Peak Performance and the Yips

The Olympics just concluded and throughout it people commented that some athletes had the “yips.” Yips are well known to some golfers. Just as they are about to putt the ball, something they have done a thousand times, they have an involuntary jerking movement and can’t control their swing and hit the ball too hard and miss the shot.

Golfers are not alone. It happens in all sports. A baseball catcher who suddenly can’t reach second base with the ball. A quarterback whose passes fall short of his receivers.

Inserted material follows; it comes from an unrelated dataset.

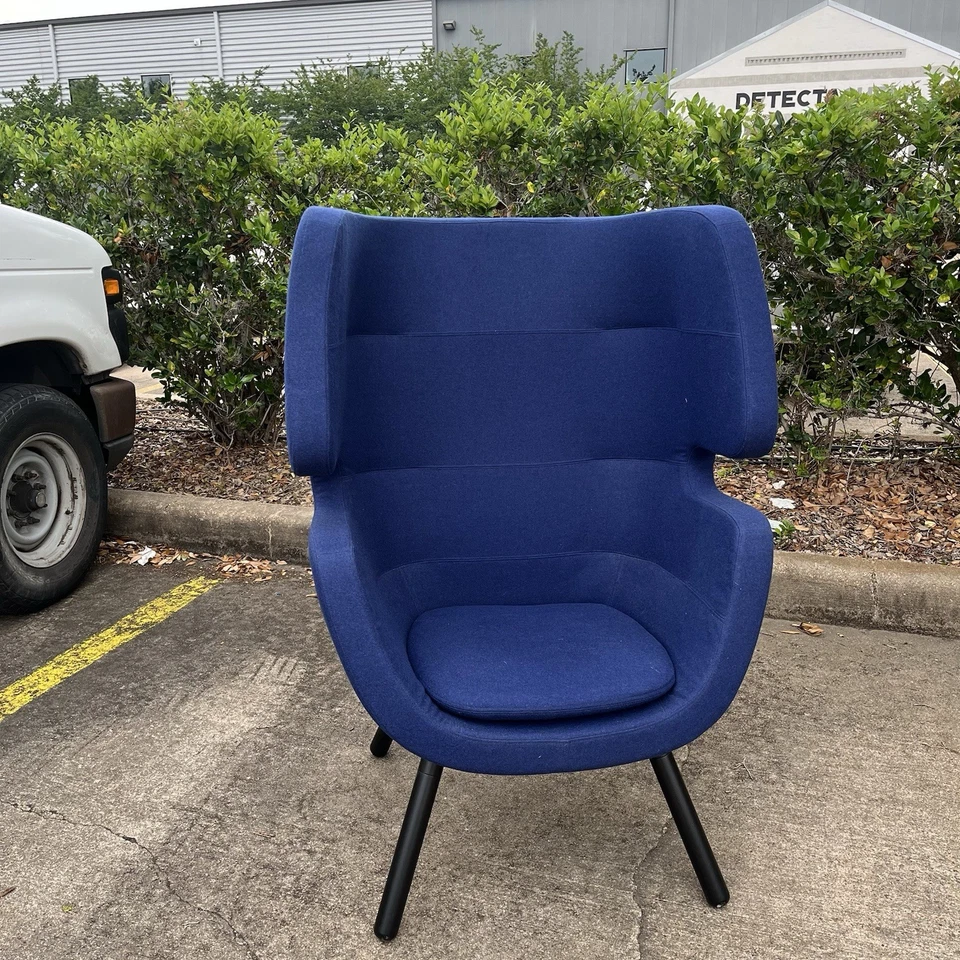 Softline Moai High Backed Blue Lounger Chair - Image 3 of 4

In the Olympics this year gymnasts, kayakers and archers – who also call it target panic – are among those who have had the yips, according to press reports.

No matter what the sport yips are caused by the same thing – narrow focus, objective attention. Paying attention in too narrow a focus – selecting out only the golf ball in your field of attention for example and not including anything else in the focus – causes muscles in the eyes, face and throughout the body to tense. This tension is the enemy of fluid movement required for successful execution of fundamentals in sports.

The way to keep muscle fluidity and enhance any sport is flexible attention. In the short term that means narrow focus when its needed, but less rigid ways of attending when its not. Over the long term it means practicing Open Focus often to keep the body relaxed and ready – not tense and over ready.